Eventi come le Capitali Europee della cultura sono occasione perfetta per lavorare su iniziative pilota ed un laboratorio per costruire nuovi modelli a servizio delle organizzazioni culturali e creative, dei decisori politici e in generale di chiunque creda che la cultura possa avere un ruolo centrale nello sviluppo locale, sostenibile e innovativo.

Quindi con Silent city vogliamo aggiungere un altro caso pilota al gruppo di iniziative e studi che stanno lavorando su questo tema in Europa .

Questo progetto apre una fase nuova anche per Materahub durante la quale iniziamo a collaborare con ricercatori esperti di alcuni dei temi che affronteremo. Siamo contenti della collaborazione con Carlo Ferretti che porta la sua esperienza nel nostro hub virtuale fatto di competenze e sempre sfide nuove.”

Carlo, una domanda facile facile per iniziale,  come si misura l’immateriale?

“Una domanda scoppiettante. L’immateriale è per definizione qualcosa di difficilmente rappresentabile e altamente aleatorio. I valori sono immateriali. Per esempio, l’onestà è un valore immateriale e in quanto tale difficile da misurare (il grado di onestà, per esempio, può essere estremamente variabile a seconda della persona e del suo contesto socio-culturale). Il rischio perciò di scivolare su una buccia di banana è altissimo. D’altro canto, vi è una generale necessità di superare la mera quantificazione del valore economico e rappresentare nuove forme di valore espresso. Una sfida entusiasmante, ma di sicuro non facile.

L’immateriale non è misurabile di per sé. Bisogna piuttosto essere in grado di creare una struttura quantitativa e qualitativa che ci permette di riconoscere, tracciare e comunicare il valore immateriale che qualsiasi organizzazione, non solo culturale, è in grado di generare con la propria azione. Data la complessità di tale processo, è fondamentale essere scrupolosi nella definizione degli obiettivi d’impatto: questo garantisce intenzionalità e fluidità nel procedimento di valutazione.”
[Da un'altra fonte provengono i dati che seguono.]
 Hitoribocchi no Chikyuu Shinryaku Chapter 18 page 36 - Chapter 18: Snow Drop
Ci racconti il tuo percorso, come sei arrivato ad occuparti di questo tipo di ricerche e cosa stiamo facendo con Silent City?
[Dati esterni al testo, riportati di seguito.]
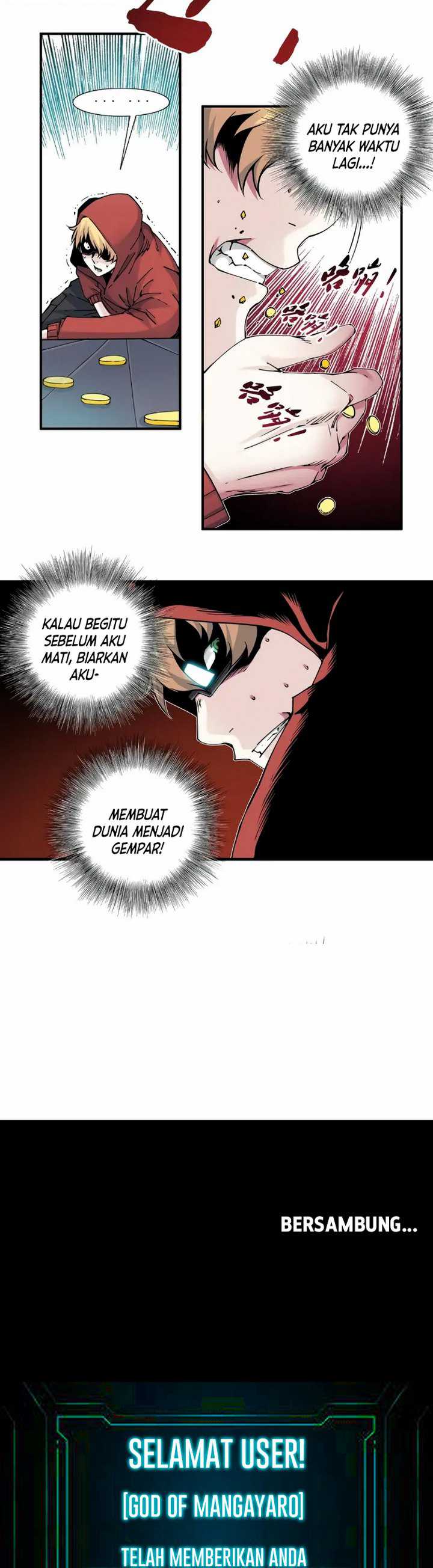 Halaman 12 dari Eternal Club Chapter 10.1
“Ho studiato Economia e Management della Cultura in Olanda, a Rotterdam. Il mio percorso di professionalizzazione è nato lì. Volevo approfondire strumenti e strategie per supportare la crescita del settore culturale, e più specificatamente dell’impresa culturale e creativa. Ciò che mi guida è una incontrastata fiducia nella bellezza e nell’arte, veicoli di elevazione del nostro spirito e del nostro quotidiano. La ricerca sulla valutazione dell’impatto socio-culturale è stata una diretta conseguenza. Questo rappresentava per me un ulteriore strumento per indagare l’importanza che le organizzazioni volte all’azione culturale generassero sul singolo essere umano e cittadino, nonché sull’intera comunità. Ho la fortuna di poter sviluppare questa ricerca in collaborazione con l’Università di Rotterdam.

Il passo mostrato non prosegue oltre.